RECORDED DATA ▸
◆ ◆ ◆ ◆
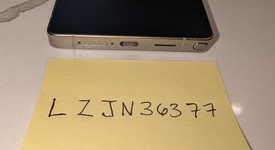 Mint
													Samsung Galaxy S25 Ultra - T-Mobile, Black, 256 GB, 12 GB, SM-S938U, photo 4 of 9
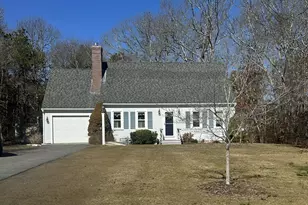 19 Tiller Dr, Falmouth, MA 02536 - Photo 1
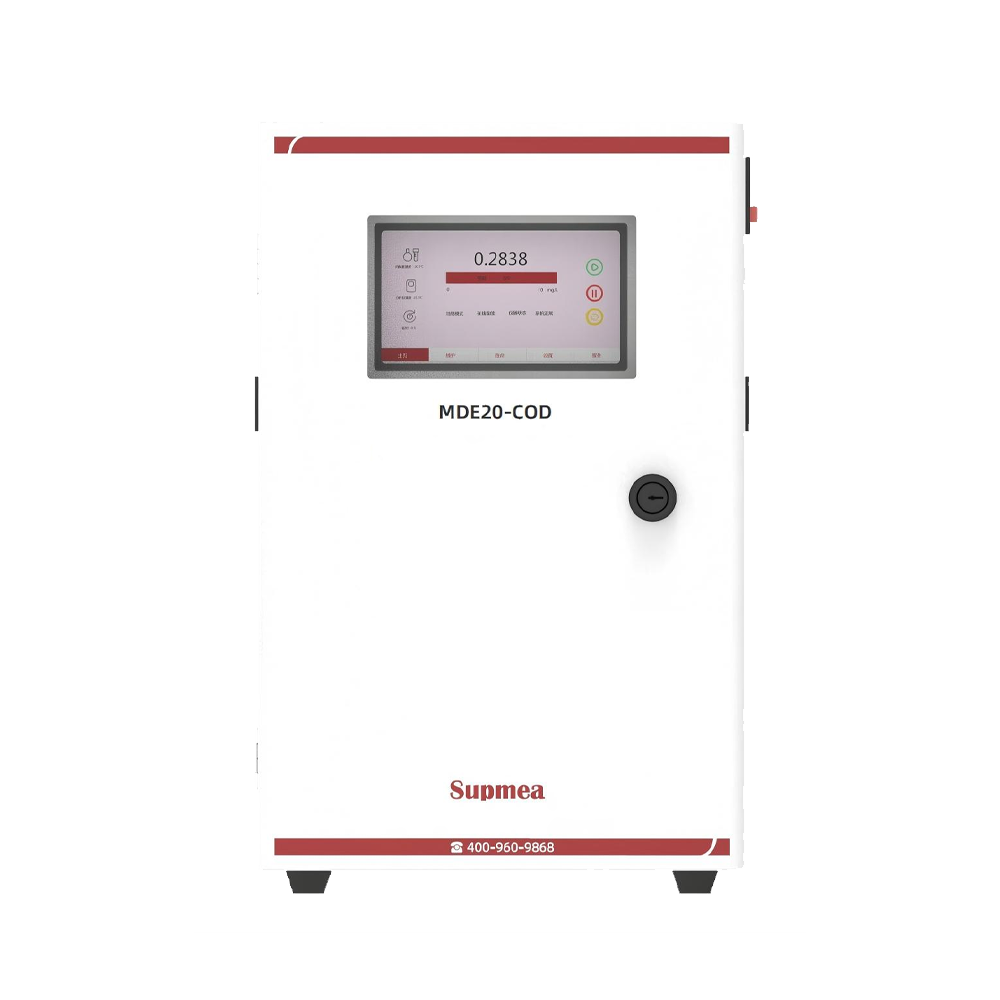 Chemical Oxygen Demand Analyser MDE20 | MDE20-COD-DFG1E71XX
◆ ◆ ◆ ◆
REQUIRED WORK ▸
Exact copy, no pictures: reproduce the whole listing above.

ANSWER TO THIS TASK ▸
 Mint
													Samsung Galaxy S25 Ultra - T-Mobile, Black, 256 GB, 12 GB, SM-S938U, photo 4 of 9
 19 Tiller Dr, Falmouth, MA 02536 - Photo 1
 Chemical Oxygen Demand Analyser MDE20 | MDE20-COD-DFG1E71XX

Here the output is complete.